Had President Obama overtly threatened North Korea you could safely assume that it would have been a calculated move as part of a broader strategy. But with Donald Trump leading the charge, you can safely assume that it is not a calculated move and not part of a broader strategy. Trump is going after North Korea because he thinks it makes him look tough and believes China will realize what a big strong leader he is. China of course doesn't think this at all -- they believe Trump is a unstable buffoon meddling in a situation he doesn't understand. Trump has admitted this much himself after meeting with the Chinese president and declaring he had no idea how complicated the situation was -- an astonishing revelation given he then went ahead with his gunboat diplomacy only days later. 
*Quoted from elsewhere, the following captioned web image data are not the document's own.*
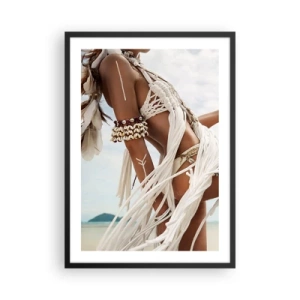 Affiche dans un cadre noir - Poster - Femme en style ethnique sur la plage - 50x70cm - Prêtresse du soleil - Décoration murale moderne pour le salon et la chambre ARTTOR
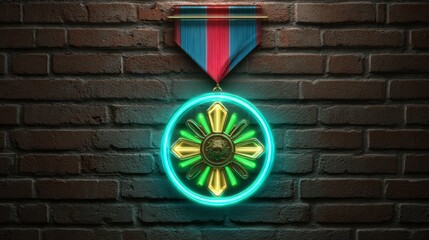Glowing neon military medal icon isolated on a brick wall background. 
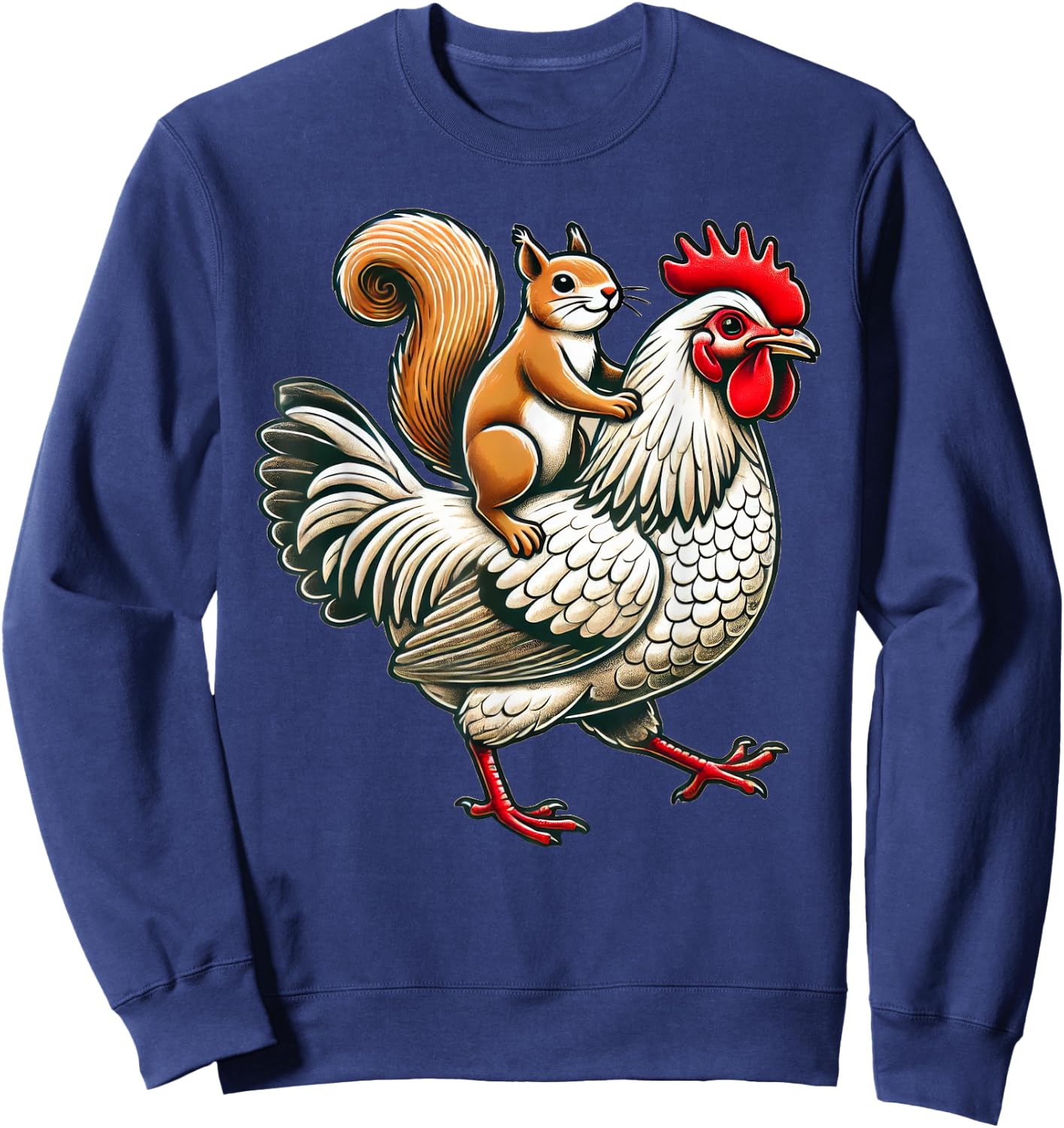 Cute Squirrel Chicken Sweatshirt - Sweatshirt | Navy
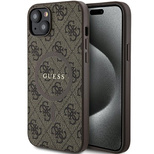 Guess 4G Collection Leder Metall Logo MagSafe Hülle für iPhone 15/14/13 – Braun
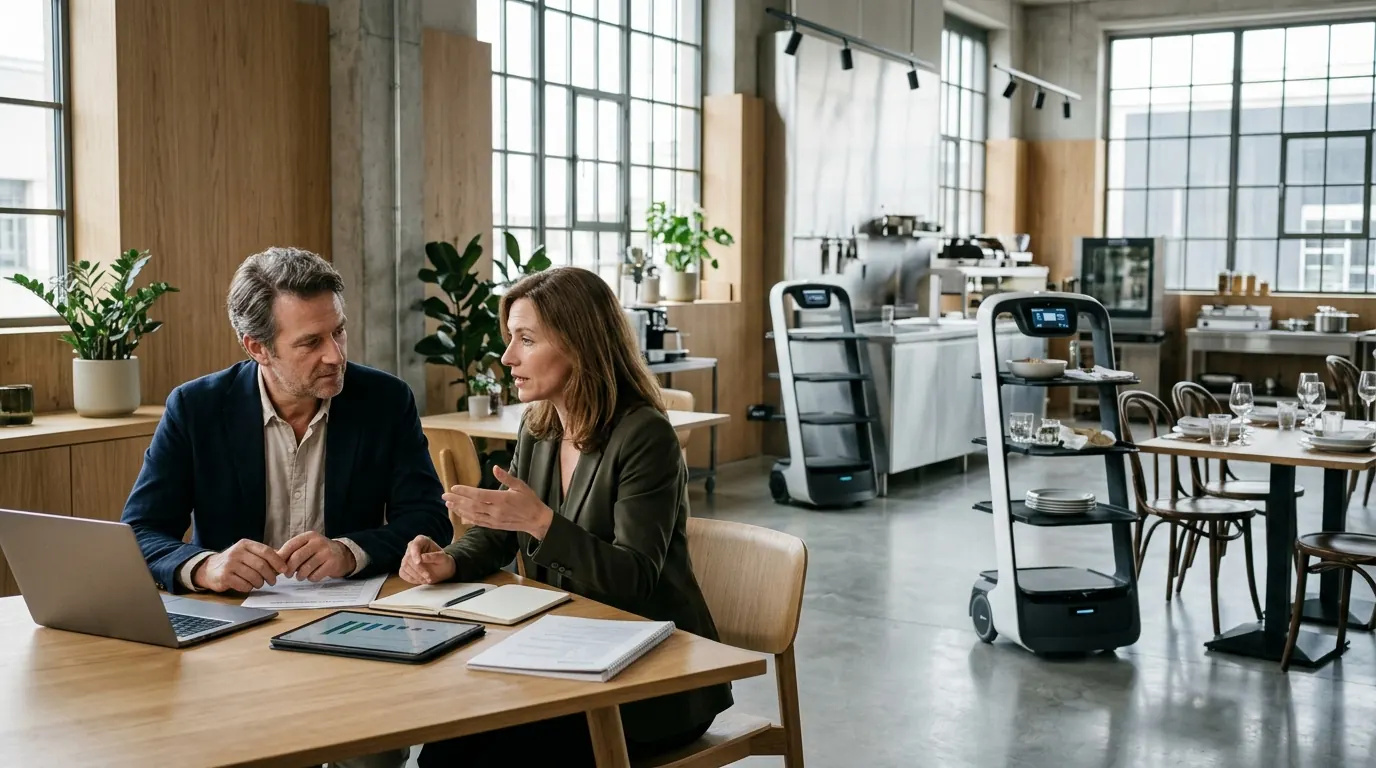 Twee mensen in overleg in een restaurant met serveerrobots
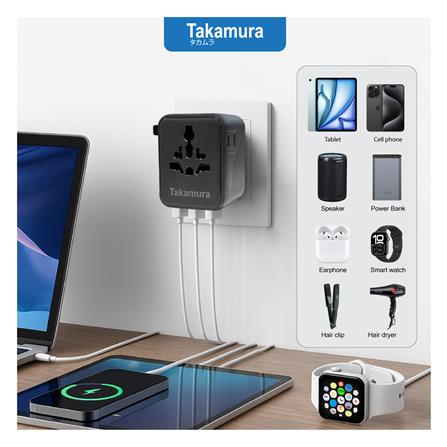 หัวแปลงปลั๊กไฟสากลพร้อมที่ชาร์จ TAKAMURA TUT-20A สีดำ_3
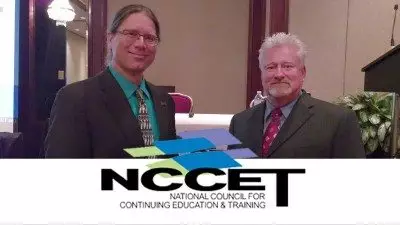 Polk State's Eric Roe (L) and Howard Drake accepted the NCCET's Exemplary Program Award earlier this month. The award recognized ETAM, an innovative training program for manufacturing workers.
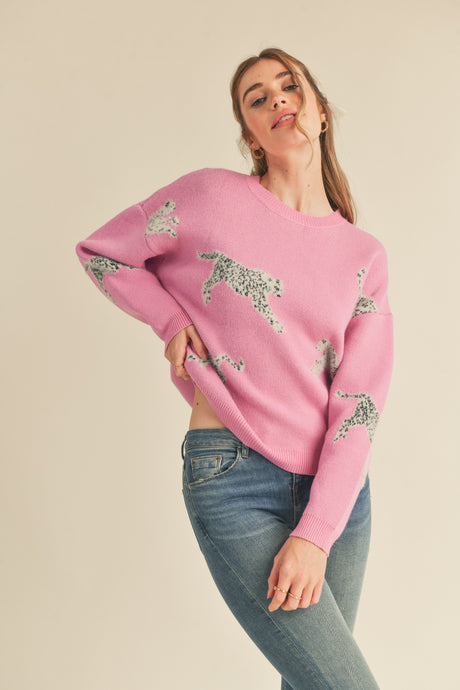 Electric Orchid Leopard Knit Sweater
There is a collective understanding that having someone as unstable as Trump leading the most powerful military on the planet is a recipe for disaster, and his every move is scrutinized carefully by the international community in the hopes his idiocy can be contained. Reputable media institutions might struggle to find the right terminology to describe Trump's incoherent foreign policy philosophy, but we aren't here at the Banter -- it is just raw stupidity, and nothing more. As The Atlantic's Stephen Sestanovich put it, Trump promised to do "more and less" with America's military (which of course makes no sense whatsoever):

Trump did not offer a conventional “Come Home, America”–style program of isolationism. Instead, he promised kick-ass confrontation. We had been “losing” for too long. The right response, the way to start and keep “winning,” was not to get out of the game but to play it better—smarter, harder, tougher. Trump was the candidate who, claiming to know more about isis than the generals, would “bomb the shit” out of it. (With no inhibitions, either: What, he reportedly asked expert briefers, was wrong with using nuclear weapons against terrorists?) He had more experience negotiating business deals than the trade lawyers did, and knew how to cultivate the kind of personal relationships with the world’s high rollers that professional diplomats could only dream of.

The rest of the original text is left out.